Both commissioners and the area’s telecommunications provider, Nemont, have been exploring ways to secure federal funding for a new fiber network in the area.
Over the last month or so, commissioners worked with Nemont to explore the possibility of seeking a Broadband Infrastructure Program grant from the National Telecommunications and Information Administration (NTIA).
Nemont Project Manager Richard Hood said his cooperative conceptualized “a pretty big fiber build job in the Clark area … because we’re actively pursuing trying to bring fiber to everybody we possibly can.”
In an email to the county in early June, Hood said the project would make “a very good application” and bring future-proof broadband service to Clark. However, Nemont ultimately determined it would not be possible to complete an application by the NTIA’s Aug. 17 deadline.
“We’ve come to the conclusion there’s just so many unanswered questions surrounding the funding and how it’s to be set up,” Hood told commissioners at their July 6 meeting.

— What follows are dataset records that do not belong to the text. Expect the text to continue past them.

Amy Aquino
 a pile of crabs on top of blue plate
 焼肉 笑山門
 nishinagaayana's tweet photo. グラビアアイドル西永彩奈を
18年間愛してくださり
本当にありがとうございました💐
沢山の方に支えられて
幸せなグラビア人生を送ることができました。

The dollars from the Broadband Infrastructure Program would have actually been awarded to the Park County government and then distributed in a partnership with Nemont — meaning the county would have taken the lead and shared in the responsibilities of administering the project. Meanwhile, Nemont would have had to quickly generate a high-level design and then commit to a rough cost estimate that could potentially underestimate the actual costs, Hood said.
“So the company has to accept that risk and the county, as partners, we would need to accept that risk in total,” he said.
One of the co-op’s lingering questions, Hood added, was whether it would own the finished network.
“If we’re going to put fiber to the premises in Clark, Wyoming, at the end of the day, of course, Nemont would want to own the assets to it,” he told commissioners, “and I don’t know how that melds into your thoughts and your planning.”
It wound up being a moot point, since Nemont determined it wouldn’t be able to complete the work prior to the NTIA’s deadline.
“We’d like to help, we want to do what we can to improve the broadband everywhere we can,” Commission Chairman Lee Livingston said, “but it might seem like the window for this one is too tight to make it work.”
Other funding, however, may be available.
The $288 million worth of funding in the NTIA Broadband Infrastructure Program came from the $2.3 trillion Consolidated Appropriations Act that Congress passed in December. Currently, billions more are being made available for broadband projects through the $1.9 trillion American Rescue Plan passed in March. Commissioner Lloyd Thiel of Clark said he’s been visiting with Nemont about the possibility of tapping into some of those funds for an upgrade.
Based in Scobey, Montana, Nemont serves a more than 14,000 square mile area that includes parts of northeastern and south-central Montana, northwestern North Dakota and the Clark area in Wyoming.